Gracias a contactos y amistades
la directora consiguió llegar en los
días previos a la firma del acuerdo de paz del año 2016 a un campamento de las
FARC. Nada supo de sus amigas, pero en su lugar entró en contacto con varias
mujeres que estaban en la guerrilla, con cuatro de las cuales trabó amistad y son ellas las protagonistas de su reveladora
película.
Jessica, Alejandra, Eliana y
Sarah Luna aportan una mirada desde adentro acerca de lo que significa ser
mujer en medio de un grupo armado con predominio de hombres, no solo en cuanto
a números sino también en mentalidad y en mirada frente a lo que se vive en
medio de la guerra. A la pregunta de la directora por los sentimientos que habitan en esas mujeres
vestidas de guerrilleras, la respuesta de un jefe es demoledora: No venga a
complicarles la vida a ellas y sobre
todo a nosotros los hombres.
Esa primera parte se distingue
por compacta y por centrarse en la situación
de las cuatro mujeres, quienes con tonos y en registros distintos narran lo que vivieron con
ocasión de eventos normales como la menstruación o de otros de mayor peso como los embarazos y los
abortos que con frecuencia se debían practicar.

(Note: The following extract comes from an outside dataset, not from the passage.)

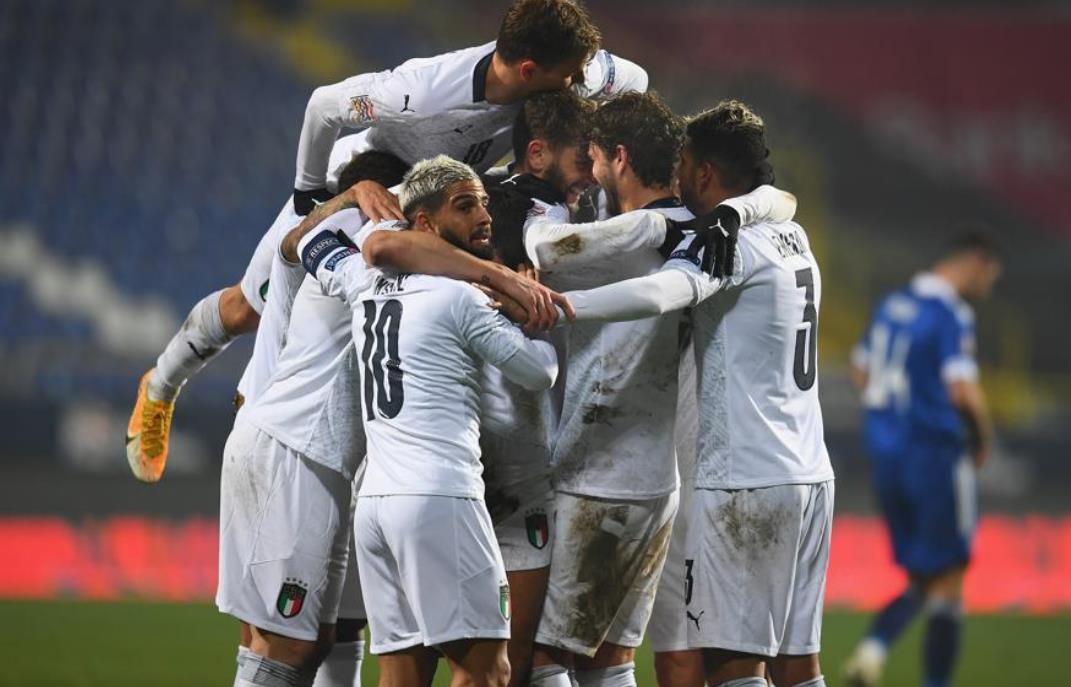 星空体育中国官网-包含韩国球队逆转晋级，豪门队伍强势突围的词条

La imposibilidad de ser madres es
una de las declaraciones que más impacta en medio del día a día de las guerrilleras, un transcurrir del
que la directora ha borrado toda
presencia masculina, excluyendo cualquier referencia a la vida en comunidad, en
una decisión que recorta perspectiva y que quizás se explique en función del interés de Padilla
de hablar exclusivamente de las mujeres y de lo que para ellas significaba estar
en ese mundo de armas y violencia.
Firmado el acuerdo de paz en el
2016, la película registra en el resto del metraje la suerte de esas mujeres en
su tránsito a la vida civil, etapa en la que afrontan dificultades por un pasado que muchos no perdonan
y
los tropiezos de un proceso político que no consiguió llevar a buen puerto sus
anheladas promesas. Esa parte del documental cubre un largo período de siete años, lo que obliga a elipsis y abreviaciones
y la cámara se ocupa en especial de dos de las protagonistas, en las que vemos de
manera discreta florecer el milagro de la
vida (la maternidad, el arte) en medio de vicisitudes y frustraciones.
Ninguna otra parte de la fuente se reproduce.